Top of Given records

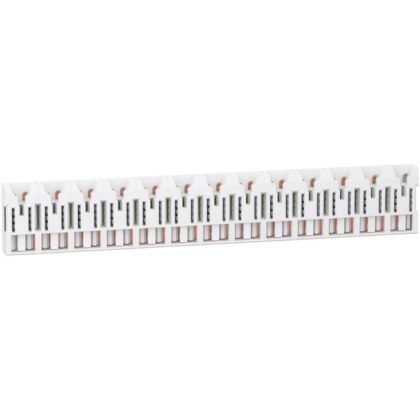 Schneider Distribution Resi9 XE - 2P plug-in verdeelblok zonder connector - 13 modules R9XES613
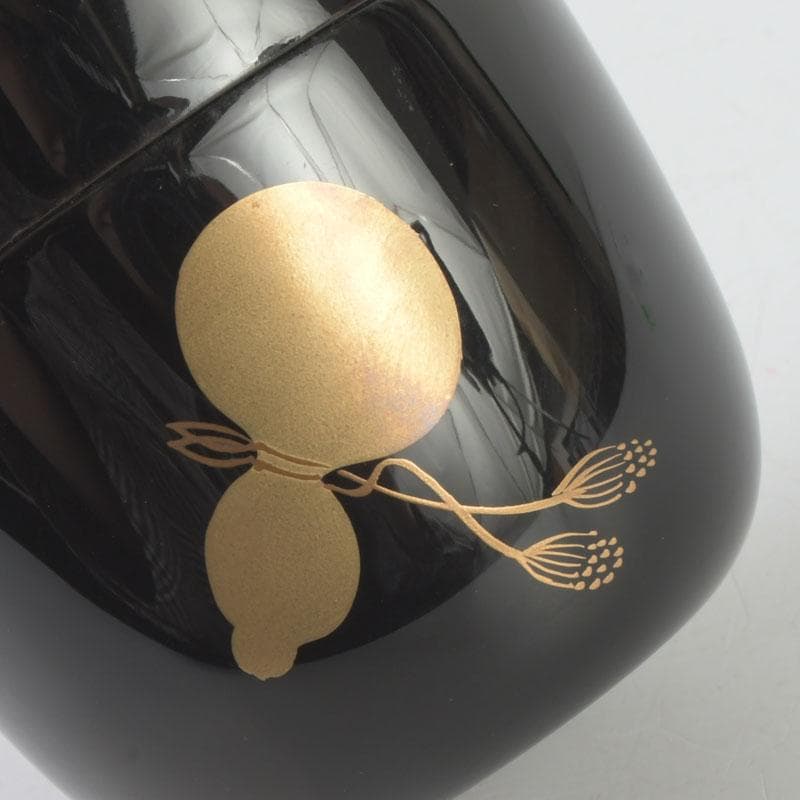 茶道具 加藤一衛造 瓢箪蒔絵 棗 共箱 V 9551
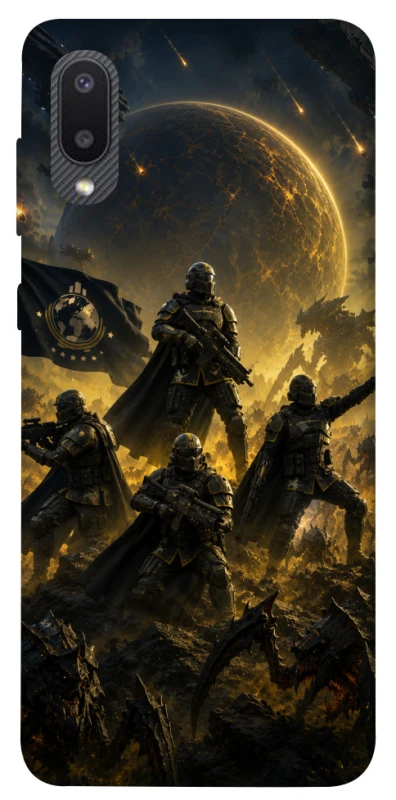 Чохол на Samsung Galaxy A02 HELLDIVERS ver.2 фото 1 з 1
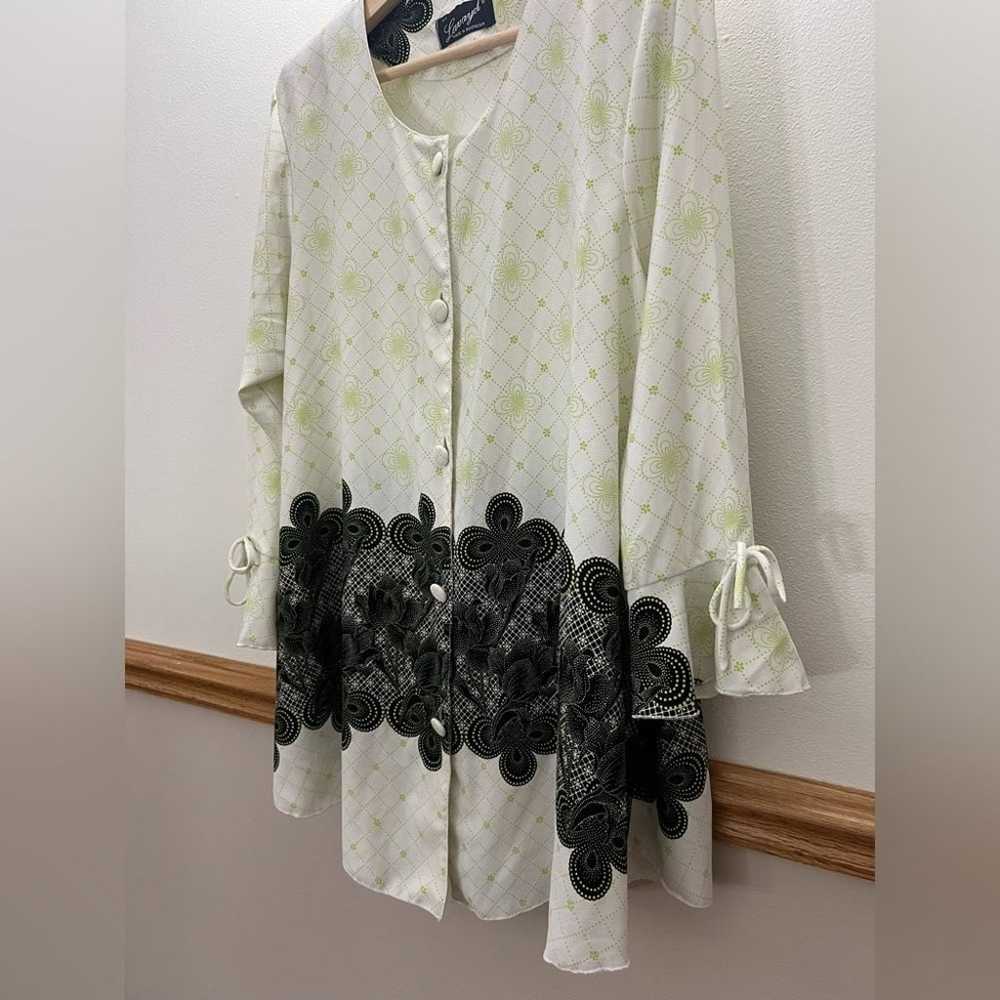 Vintage 70s Floral Long Sleeve Mini Dress Retro S… - image 5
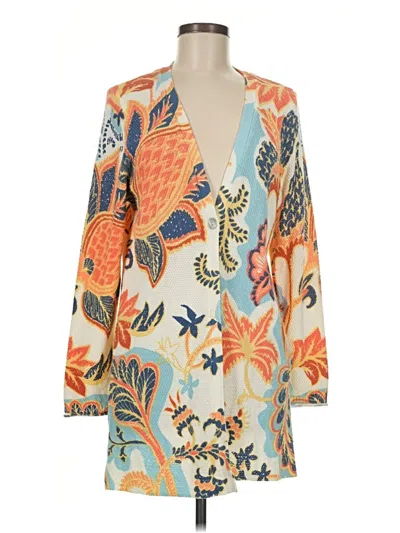 Pre-owned Soft Surroundings Cardigan Sweater In Orange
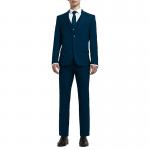 Black 2PCS Mens Tuxedo Suit Jacket And Trousers For Special Occasion Formal Wear Custom for sale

Bottom of Given records

Work required. In your copy of the records above, include every line exactly but no pictures.

Answer.
 Schneider Distribution Resi9 XE - 2P plug-in verdeelblok zonder connector - 13 modules R9XES613
 茶道具 加藤一衛造 瓢箪蒔絵 棗 共箱 V 9551
 Чохол на Samsung Galaxy A02 HELLDIVERS ver.2 фото 1 з 1
 Vintage 70s Floral Long Sleeve Mini Dress Retro S… - image 5
 Pre-owned Soft Surroundings Cardigan Sweater In Orange
 Black 2PCS Mens Tuxedo Suit Jacket And Trousers For Special Occasion Formal Wear Custom for sale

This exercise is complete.